Es geht recht locker um "Erfolg, Misserfolg und das Glück beim Schreiben eines Buches". Einmal jedoch wird Durante fuchtig.
"Das ist der schlimmste Gedanke: Was denken die anderen? Ich hasse diesen Gedanken. Daraus wird nie was. Das ist nicht ehrlich. Und das will auch kein Mensch sehen. Die Leute wollen das, wovon sie noch nicht wissen, dass sie es wollen. Das Unerwartete. Das, was ihr Unterbewusstsein will. Aber sie selber wissen nicht, was ihr Unterbewusstsein will. Deshalb ist es ja das Unterbewusstsein."
Mit solchem, fast nebensatzfreiem Drive kann der Erfolgsautor Kehlmann dem SZ-Publikum nicht dienen. Wohl aber mit einem Bekenntnis – als Kathleen Hildebrand nämlich wissen will, ob er auch schon mal gescheitert sei.
"Klar", entgegnet Kehlmann. "Ich habe zum Beispiel einen langen Roman fertig geschrieben, den Thorsten Ahrend bei Suhrkamp damals abgelehnt hat. Er schrieb ein Fax, das fing an mit: 'Lieber Daniel, ich bin entsetzt.' Das war furchtbar, wirklich schrecklich. Als ich es viel später noch mal gelesen habe, musste ich sagen: Er hatte recht."

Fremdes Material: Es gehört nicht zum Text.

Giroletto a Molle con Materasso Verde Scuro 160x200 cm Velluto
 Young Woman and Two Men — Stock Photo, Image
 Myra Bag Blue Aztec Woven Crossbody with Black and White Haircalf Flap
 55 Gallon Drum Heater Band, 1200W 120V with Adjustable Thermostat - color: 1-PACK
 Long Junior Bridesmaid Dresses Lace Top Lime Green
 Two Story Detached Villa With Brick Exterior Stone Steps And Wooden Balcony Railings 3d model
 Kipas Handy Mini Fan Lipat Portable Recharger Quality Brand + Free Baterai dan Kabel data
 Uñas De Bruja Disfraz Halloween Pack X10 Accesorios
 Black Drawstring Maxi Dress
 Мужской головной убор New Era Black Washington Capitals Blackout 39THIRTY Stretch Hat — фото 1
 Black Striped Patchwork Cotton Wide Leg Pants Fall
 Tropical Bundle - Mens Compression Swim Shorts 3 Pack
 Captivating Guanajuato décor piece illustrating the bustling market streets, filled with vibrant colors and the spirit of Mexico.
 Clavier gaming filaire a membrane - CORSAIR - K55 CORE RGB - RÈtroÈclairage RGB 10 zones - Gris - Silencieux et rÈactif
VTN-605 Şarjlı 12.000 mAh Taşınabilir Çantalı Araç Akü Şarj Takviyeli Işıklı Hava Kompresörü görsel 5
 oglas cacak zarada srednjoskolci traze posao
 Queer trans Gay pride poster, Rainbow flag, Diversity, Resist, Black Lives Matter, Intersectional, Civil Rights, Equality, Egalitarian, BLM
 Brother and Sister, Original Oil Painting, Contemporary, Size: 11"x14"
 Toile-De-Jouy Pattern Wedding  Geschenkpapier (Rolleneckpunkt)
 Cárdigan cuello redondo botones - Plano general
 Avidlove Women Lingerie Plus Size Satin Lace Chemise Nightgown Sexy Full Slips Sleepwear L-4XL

Der alte Mann und das Ende der Geschichte

Einsichtig: Daniel Kehlmann. Die Tageszeitung DIE WELT unterredet sich mit Francis Fukuyama. Und wir sagen jetzt nicht: Das ist der berühmte Politologe, der "Das Ende der Geschichte" veröffentlicht hat.
Erstens wissen Sie das selbst, zweitens müssten wir dann mantra-mäßig hinzufügen, dass Fukuyama in besagtem Buch keineswegs das Ende der Geschichte verkündet, was vielen von Ihnen, drittens, vermutlich auch bekannt ist.
Neuigkeitswert hat jedoch die Antwort Fukuyamas auf die Frage von Cigdem Toprak, ob er schon mal als "alter weißer Mann" bezeichnet wurde.
"Das ist etwas, das mich irritiert. Asiatische Amerikaner werden auf zwei komplett unterschiedliche Weisen behandelt: Oft sehen sie sich selbst und werden von anderen als People of Color gesehen und sind deshalb rassistischer Diskriminierung ausgesetzt. Aber ich war letztens auf einem Panel, bei dem ein afroamerikanischer Teilnehmer mir sagte: 'Sie sind ein guter Weißer.' Man muss sich entscheiden, entweder sind US-Asiaten Teil einer privilegierten Gruppe oder Teil einer marginalisierten Minderheit. Und das zeigt, dass diese binären Kategorien einfach nicht adäquat sind. Es gibt viele unterschiedliche Formen von Diskriminierungen. Es ist wichtig, dass wir uns auf die schwerwiegenderen fokussieren." Francis Fukuyama in der WELT.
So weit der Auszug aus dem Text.